*TO DO*. A faithful copy is needed of the lines below from the one with "Samsung Galaxy S8+ Plus Used Phone" up to and including the one with "CRAFINO CRAFINO furniture"; set it down with no pictures and no other lines.

*STUDY MATERIAL*.
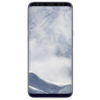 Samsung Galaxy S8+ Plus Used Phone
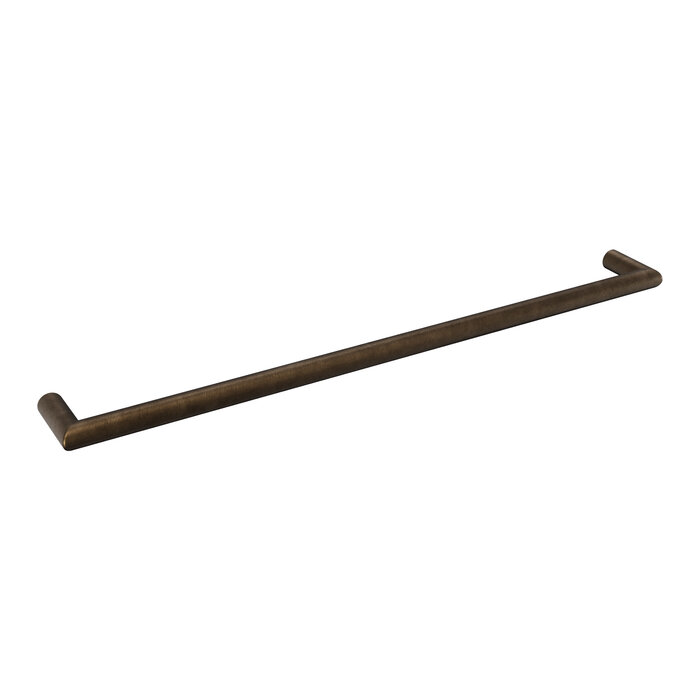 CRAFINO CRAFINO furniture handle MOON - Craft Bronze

---

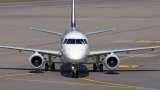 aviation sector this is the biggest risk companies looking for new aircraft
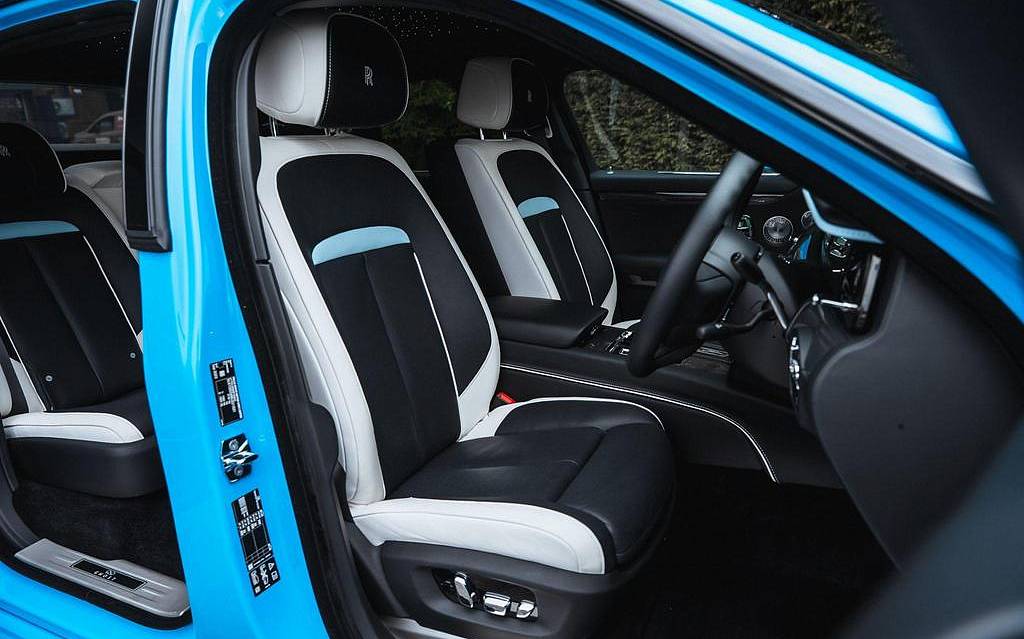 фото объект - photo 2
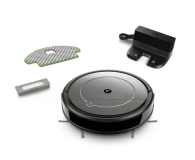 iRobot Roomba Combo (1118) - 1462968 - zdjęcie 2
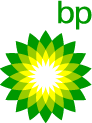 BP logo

*ANSWER BOX*.
 Samsung Galaxy S8+ Plus Used Phone
 CRAFINO CRAFINO furniture handle MOON - Craft Bronze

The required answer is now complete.